→ **BRIEF**: Only the lines from the one containing "Γυναικείες casual ψηλές" through the one containing "Trump 2026 Meme" should be printed, exactly as they appear below, with both ends included.

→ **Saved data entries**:
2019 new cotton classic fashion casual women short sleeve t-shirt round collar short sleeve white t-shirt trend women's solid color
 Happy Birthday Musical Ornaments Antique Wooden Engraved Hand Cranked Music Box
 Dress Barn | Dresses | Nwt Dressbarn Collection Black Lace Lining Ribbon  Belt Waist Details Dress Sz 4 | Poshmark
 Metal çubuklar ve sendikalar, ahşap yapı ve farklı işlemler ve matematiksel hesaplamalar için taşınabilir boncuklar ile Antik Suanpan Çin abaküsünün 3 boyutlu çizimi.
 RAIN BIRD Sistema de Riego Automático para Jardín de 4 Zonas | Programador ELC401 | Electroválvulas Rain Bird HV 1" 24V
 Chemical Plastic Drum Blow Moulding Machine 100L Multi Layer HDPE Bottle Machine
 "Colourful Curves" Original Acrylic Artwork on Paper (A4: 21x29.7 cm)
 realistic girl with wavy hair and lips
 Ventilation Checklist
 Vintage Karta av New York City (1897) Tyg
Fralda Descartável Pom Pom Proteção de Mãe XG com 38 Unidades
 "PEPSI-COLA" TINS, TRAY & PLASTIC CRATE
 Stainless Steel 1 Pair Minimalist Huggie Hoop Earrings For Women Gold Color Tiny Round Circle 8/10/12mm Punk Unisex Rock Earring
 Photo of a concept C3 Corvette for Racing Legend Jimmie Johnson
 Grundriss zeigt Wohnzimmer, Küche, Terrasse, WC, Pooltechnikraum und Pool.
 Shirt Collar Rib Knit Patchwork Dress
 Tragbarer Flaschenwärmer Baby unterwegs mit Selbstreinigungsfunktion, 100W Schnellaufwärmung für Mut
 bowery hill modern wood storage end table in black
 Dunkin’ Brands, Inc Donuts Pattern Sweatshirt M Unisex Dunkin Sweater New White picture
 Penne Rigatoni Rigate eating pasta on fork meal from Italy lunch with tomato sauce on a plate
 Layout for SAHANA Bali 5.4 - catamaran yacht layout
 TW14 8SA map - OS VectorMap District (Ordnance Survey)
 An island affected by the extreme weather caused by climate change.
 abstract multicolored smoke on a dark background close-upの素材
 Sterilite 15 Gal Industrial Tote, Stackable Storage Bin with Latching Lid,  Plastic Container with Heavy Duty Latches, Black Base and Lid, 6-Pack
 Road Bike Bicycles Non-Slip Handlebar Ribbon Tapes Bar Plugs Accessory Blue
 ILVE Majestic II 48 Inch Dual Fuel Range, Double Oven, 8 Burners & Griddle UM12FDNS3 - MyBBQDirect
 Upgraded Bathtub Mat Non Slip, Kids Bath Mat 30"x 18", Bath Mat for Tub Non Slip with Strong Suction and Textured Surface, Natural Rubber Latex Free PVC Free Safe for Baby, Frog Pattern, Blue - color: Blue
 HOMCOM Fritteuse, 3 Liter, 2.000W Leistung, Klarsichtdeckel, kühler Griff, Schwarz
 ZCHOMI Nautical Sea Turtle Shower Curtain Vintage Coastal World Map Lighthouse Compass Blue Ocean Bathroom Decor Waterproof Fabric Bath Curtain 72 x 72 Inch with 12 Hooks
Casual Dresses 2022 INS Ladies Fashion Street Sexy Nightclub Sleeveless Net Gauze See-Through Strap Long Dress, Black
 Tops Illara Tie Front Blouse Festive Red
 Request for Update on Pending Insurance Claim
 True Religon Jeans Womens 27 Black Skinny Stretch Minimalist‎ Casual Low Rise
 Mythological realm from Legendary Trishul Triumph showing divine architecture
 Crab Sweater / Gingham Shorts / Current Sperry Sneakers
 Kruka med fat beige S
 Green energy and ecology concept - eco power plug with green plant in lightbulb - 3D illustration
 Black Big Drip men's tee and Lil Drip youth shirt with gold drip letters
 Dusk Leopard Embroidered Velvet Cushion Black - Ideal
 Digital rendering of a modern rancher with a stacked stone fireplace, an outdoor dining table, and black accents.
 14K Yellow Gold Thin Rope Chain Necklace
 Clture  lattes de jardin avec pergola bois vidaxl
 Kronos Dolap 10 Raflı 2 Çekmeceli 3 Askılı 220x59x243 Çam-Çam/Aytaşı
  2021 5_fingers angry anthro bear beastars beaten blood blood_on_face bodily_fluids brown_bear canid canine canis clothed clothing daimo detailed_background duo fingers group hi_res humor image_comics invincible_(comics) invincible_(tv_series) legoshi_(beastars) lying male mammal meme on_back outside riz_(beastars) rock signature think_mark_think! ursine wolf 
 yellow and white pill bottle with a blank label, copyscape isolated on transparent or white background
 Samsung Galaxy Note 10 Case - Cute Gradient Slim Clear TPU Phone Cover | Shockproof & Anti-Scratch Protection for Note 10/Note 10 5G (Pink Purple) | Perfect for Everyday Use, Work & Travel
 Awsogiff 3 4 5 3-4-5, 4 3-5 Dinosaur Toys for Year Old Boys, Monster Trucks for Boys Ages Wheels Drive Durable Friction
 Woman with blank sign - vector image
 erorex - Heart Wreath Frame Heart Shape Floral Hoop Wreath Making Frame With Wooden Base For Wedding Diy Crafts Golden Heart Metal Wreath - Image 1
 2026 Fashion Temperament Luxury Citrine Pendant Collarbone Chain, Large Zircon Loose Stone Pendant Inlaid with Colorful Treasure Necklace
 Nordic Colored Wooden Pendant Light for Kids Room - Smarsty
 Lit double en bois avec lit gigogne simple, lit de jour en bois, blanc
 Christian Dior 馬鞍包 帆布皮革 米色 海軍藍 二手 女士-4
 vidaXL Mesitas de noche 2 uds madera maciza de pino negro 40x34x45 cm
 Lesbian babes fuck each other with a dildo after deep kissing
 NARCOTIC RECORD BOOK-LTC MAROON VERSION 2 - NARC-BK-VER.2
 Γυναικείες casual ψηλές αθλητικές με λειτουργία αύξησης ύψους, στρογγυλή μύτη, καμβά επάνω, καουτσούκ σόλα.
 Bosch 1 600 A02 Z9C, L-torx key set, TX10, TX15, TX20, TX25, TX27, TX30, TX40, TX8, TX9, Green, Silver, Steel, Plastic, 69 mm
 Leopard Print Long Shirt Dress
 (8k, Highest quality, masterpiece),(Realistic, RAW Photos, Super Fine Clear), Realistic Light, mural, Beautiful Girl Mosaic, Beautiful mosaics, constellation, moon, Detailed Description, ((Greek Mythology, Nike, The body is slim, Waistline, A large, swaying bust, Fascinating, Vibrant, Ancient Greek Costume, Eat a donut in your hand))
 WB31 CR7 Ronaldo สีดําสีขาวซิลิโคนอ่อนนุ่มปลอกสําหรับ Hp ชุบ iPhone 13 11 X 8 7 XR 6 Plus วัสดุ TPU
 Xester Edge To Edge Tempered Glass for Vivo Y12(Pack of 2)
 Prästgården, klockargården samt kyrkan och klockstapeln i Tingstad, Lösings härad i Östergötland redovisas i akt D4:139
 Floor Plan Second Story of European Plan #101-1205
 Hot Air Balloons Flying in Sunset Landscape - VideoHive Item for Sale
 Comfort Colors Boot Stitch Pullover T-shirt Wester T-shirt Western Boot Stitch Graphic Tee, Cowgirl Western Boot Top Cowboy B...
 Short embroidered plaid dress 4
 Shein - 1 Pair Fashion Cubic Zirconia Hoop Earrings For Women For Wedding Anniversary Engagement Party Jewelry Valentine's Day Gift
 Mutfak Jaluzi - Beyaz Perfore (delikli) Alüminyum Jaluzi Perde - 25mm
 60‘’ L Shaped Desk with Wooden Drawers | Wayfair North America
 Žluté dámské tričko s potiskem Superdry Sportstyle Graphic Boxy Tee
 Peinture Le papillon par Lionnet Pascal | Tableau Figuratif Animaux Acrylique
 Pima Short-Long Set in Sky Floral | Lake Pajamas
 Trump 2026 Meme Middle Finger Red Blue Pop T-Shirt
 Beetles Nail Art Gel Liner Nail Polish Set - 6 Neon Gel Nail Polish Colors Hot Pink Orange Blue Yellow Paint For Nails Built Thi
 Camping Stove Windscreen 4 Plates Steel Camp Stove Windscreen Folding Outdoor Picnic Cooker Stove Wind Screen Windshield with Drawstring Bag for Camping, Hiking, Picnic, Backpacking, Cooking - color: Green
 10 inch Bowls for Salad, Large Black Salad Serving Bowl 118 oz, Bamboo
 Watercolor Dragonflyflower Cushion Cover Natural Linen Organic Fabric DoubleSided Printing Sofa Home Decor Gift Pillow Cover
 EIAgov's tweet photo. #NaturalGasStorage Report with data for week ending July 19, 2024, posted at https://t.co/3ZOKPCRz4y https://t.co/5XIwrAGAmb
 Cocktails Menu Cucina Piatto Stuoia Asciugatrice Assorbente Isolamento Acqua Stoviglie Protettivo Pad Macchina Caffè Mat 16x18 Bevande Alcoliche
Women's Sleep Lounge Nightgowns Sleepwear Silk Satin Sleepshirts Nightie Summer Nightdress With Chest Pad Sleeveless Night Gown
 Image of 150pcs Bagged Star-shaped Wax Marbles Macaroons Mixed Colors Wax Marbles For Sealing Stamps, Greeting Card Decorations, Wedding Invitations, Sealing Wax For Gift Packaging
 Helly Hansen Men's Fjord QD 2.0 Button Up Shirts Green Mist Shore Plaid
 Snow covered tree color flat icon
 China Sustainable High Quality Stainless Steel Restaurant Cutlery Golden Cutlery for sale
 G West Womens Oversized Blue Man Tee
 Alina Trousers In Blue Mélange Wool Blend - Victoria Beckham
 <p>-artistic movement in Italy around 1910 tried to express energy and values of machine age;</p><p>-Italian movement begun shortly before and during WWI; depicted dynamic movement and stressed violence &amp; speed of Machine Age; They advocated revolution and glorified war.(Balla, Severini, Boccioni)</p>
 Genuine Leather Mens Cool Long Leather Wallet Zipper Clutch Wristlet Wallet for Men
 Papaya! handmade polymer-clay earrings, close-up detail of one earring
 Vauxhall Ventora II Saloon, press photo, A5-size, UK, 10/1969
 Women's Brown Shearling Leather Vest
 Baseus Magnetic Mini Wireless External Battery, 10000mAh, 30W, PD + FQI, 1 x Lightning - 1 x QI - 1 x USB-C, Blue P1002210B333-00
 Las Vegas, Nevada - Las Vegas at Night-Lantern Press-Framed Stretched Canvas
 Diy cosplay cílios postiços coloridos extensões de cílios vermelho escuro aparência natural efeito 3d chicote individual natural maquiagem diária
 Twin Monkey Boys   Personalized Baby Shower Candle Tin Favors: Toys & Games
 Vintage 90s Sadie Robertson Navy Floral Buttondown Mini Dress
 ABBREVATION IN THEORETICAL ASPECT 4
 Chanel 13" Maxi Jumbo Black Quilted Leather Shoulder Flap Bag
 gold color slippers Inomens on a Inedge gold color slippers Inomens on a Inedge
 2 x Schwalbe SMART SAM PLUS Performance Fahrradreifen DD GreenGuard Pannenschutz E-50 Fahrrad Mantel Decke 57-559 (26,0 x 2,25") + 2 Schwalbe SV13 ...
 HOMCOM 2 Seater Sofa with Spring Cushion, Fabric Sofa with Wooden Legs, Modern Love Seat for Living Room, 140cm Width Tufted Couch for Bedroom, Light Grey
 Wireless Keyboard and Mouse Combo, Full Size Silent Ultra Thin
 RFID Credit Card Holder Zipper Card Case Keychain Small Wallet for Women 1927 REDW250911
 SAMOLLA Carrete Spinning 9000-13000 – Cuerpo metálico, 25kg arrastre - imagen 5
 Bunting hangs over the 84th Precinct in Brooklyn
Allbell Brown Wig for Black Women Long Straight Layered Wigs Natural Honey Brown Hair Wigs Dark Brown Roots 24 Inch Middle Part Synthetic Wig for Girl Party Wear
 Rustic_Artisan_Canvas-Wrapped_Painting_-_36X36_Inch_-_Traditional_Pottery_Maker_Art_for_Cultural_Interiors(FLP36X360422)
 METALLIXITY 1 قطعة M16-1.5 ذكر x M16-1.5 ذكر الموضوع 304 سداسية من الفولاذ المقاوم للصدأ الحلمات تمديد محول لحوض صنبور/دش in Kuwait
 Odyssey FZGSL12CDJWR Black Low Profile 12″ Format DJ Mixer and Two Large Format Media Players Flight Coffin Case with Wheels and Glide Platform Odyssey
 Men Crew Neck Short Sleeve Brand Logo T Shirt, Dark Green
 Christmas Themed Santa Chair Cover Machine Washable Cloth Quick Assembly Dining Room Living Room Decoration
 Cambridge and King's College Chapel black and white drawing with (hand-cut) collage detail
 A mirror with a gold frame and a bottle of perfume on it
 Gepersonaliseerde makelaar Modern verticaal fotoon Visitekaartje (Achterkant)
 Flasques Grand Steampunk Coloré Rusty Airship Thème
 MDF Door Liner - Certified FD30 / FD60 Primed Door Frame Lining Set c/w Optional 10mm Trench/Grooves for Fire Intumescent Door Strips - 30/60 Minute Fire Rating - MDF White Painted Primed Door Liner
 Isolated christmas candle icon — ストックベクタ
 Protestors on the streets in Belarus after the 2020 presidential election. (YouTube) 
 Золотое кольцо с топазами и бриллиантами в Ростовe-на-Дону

→ **TASK RESPONSE**:
 Γυναικείες casual ψηλές αθλητικές με λειτουργία αύξησης ύψους, στρογγυλή μύτη, καμβά επάνω, καουτσούκ σόλα.
 Bosch 1 600 A02 Z9C, L-torx key set, TX10, TX15, TX20, TX25, TX27, TX30, TX40, TX8, TX9, Green, Silver, Steel, Plastic, 69 mm
 Leopard Print Long Shirt Dress
 (8k, Highest quality, masterpiece),(Realistic, RAW Photos, Super Fine Clear), Realistic Light, mural, Beautiful Girl Mosaic, Beautiful mosaics, constellation, moon, Detailed Description, ((Greek Mythology, Nike, The body is slim, Waistline, A large, swaying bust, Fascinating, Vibrant, Ancient Greek Costume, Eat a donut in your hand))
 WB31 CR7 Ronaldo สีดําสีขาวซิลิโคนอ่อนนุ่มปลอกสําหรับ Hp ชุบ iPhone 13 11 X 8 7 XR 6 Plus วัสดุ TPU
 Xester Edge To Edge Tempered Glass for Vivo Y12(Pack of 2)
 Prästgården, klockargården samt kyrkan och klockstapeln i Tingstad, Lösings härad i Östergötland redovisas i akt D4:139
 Floor Plan Second Story of European Plan #101-1205
 Hot Air Balloons Flying in Sunset Landscape - VideoHive Item for Sale
 Comfort Colors Boot Stitch Pullover T-shirt Wester T-shirt Western Boot Stitch Graphic Tee, Cowgirl Western Boot Top Cowboy B...
 Short embroidered plaid dress 4
 Shein - 1 Pair Fashion Cubic Zirconia Hoop Earrings For Women For Wedding Anniversary Engagement Party Jewelry Valentine's Day Gift
 Mutfak Jaluzi - Beyaz Perfore (delikli) Alüminyum Jaluzi Perde - 25mm
 60‘’ L Shaped Desk with Wooden Drawers | Wayfair North America
 Žluté dámské tričko s potiskem Superdry Sportstyle Graphic Boxy Tee
 Peinture Le papillon par Lionnet Pascal | Tableau Figuratif Animaux Acrylique
 Pima Short-Long Set in Sky Floral | Lake Pajamas
 Trump 2026 Meme Middle Finger Red Blue Pop T-Shirt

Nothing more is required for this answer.